The Windows [8] Store (and other App Store comments)

The world got a pretty good explanation of things yesterday and as far as my development is concerned I’m sold on the idea. I’m not sure which apps I’ll be porting or when (I still have nothing on the Mac App Store). What I specifically find intriguing is that 80/20 vs 70/30 split price break at USD25000. That’s a pretty small number. But there is one are in which I’m disappointed and hope I can be proven wrong.

Designed for discovery
Ensuring the visibility of apps and the efficiency and fluidity of app discovery became the fundamental building block of our Store design. We use minimal chrome so apps shine through, and complement the apps with a series of way-finding and promotion mechanisms—search, category browse, ranking lists, editorial curation — to help people find great apps.

Windows Store is designed for easy app discovery

We designed the landing page to push compelling apps to the surface. We use categories to help organize the apps—the latest, most popular, and fast rising apps all have dedicated lists surfaced here. You’ll see personalized app recommendations and also topic pages that promote apps related to editorial themes, helping surface what would otherwise be hidden gems.

Navigation is simple and consistent with the model of Windows 8. Built-in search supports directed discovery, fluid panning moves you through the categories, and category filters help locate the most relevant apps.

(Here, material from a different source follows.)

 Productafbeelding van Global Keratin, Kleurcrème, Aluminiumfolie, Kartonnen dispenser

What they describe as “discovery” is no different from how Apple does it, and the App Store has decidedly poor discovery. The problem with both of these is that people buy things BECAUSE they’re in the top whatever, and thus stay at that position or at least in that decade.

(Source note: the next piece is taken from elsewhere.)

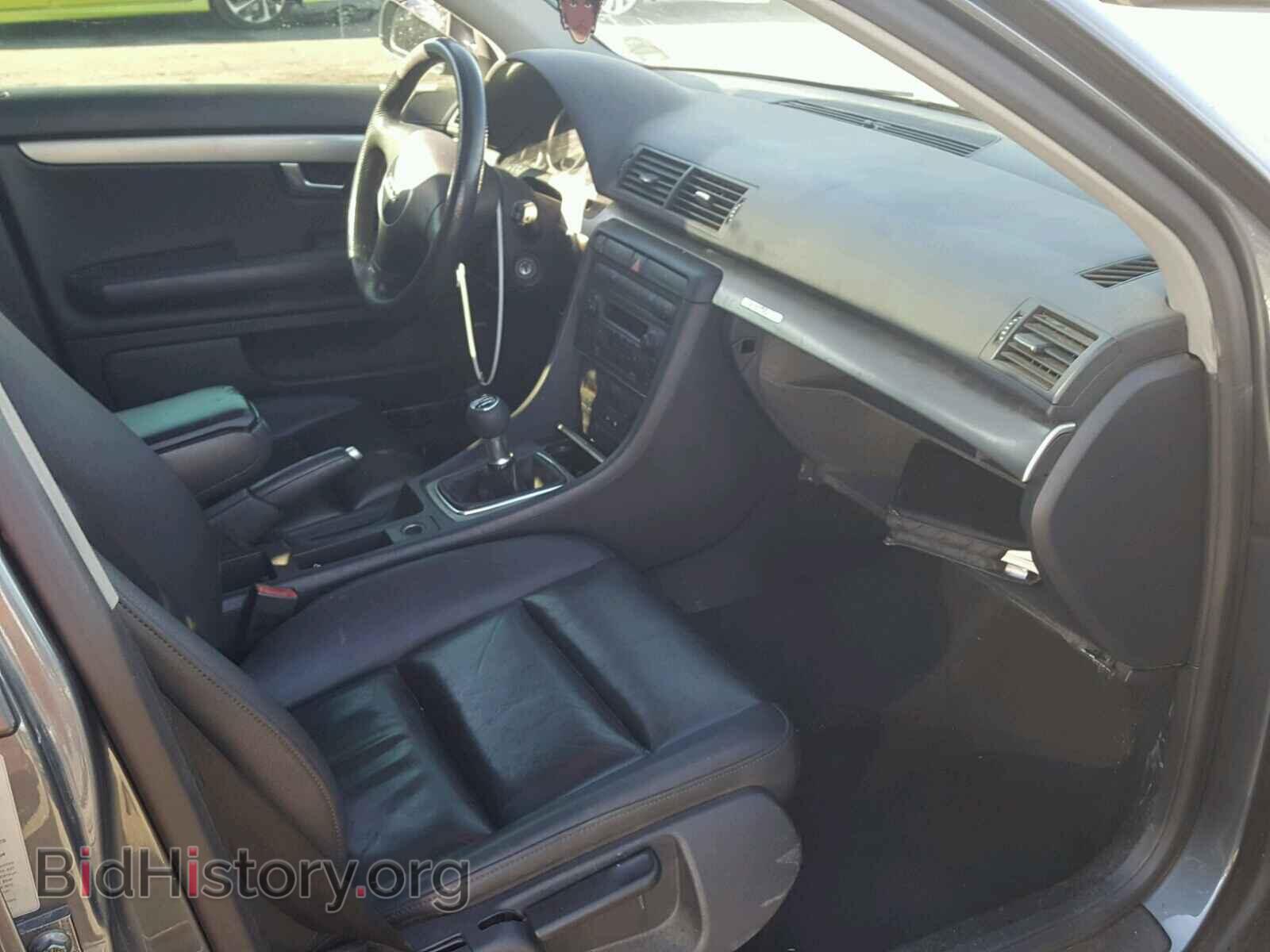 2005 AUDI A4 - VIN: WAULC68E85A037576 - Фото 5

There’s also the problem of “featured” sections. These are highly subjective and can probably be bought so some extent. For example, Apple often features big name apps that are terrible just so they can say “Look! iOS has Citrix support”. Apple or MS can also stuff this sections with their own apps as Apple did when Final Cut Pro X came out.

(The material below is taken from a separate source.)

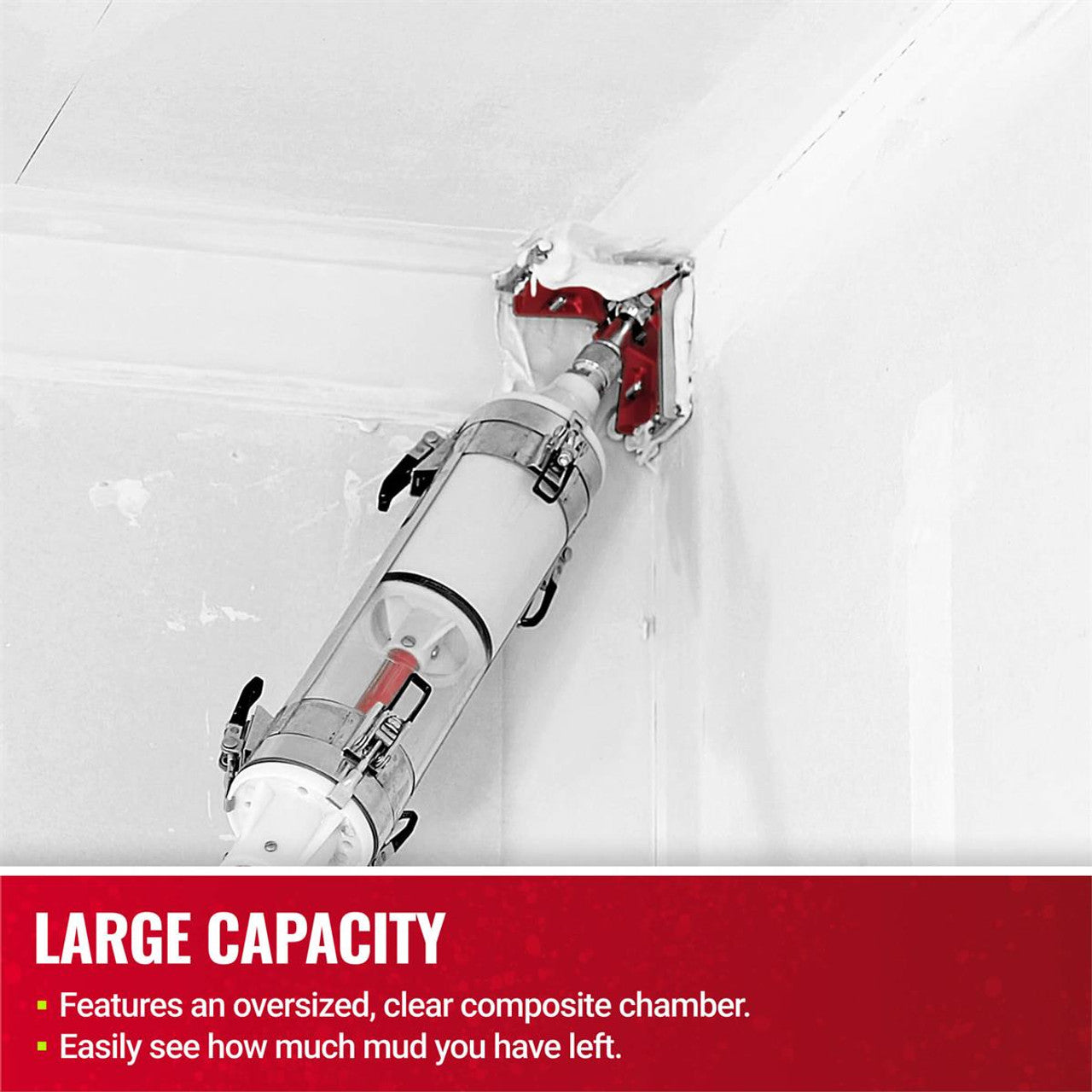 Level 5 Tools 4-772 MiniShot Gas-Assisted Compound Tube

A few things all app stores need to do

  1. A very obvious setting to show/hide already purchased apps
  2. A way to hide apps for any reason whatsoever (purchased not through app store, sick of seeing something you’ll never buy, etc)
  3. Keep games out of the top overall rankings
  4. Differentiate between daily (current) and all time in lists.
  5. Keep lists long. If you use Apple’s xml feed, the lists go up to 400, but only 200 show in iTunes. Nothing wrong with a “next” button is there?

That’s obviously not going to fix much but basically what I think would help would be to make the “Genius” like features more upfront instead of a feature you have to choose to use. I think hiding apps and making ranking lists more relative would help a lot though. I don’t have too many apps to organize and even I find top-10 lists populated almost entirely with things I’ve already purchased.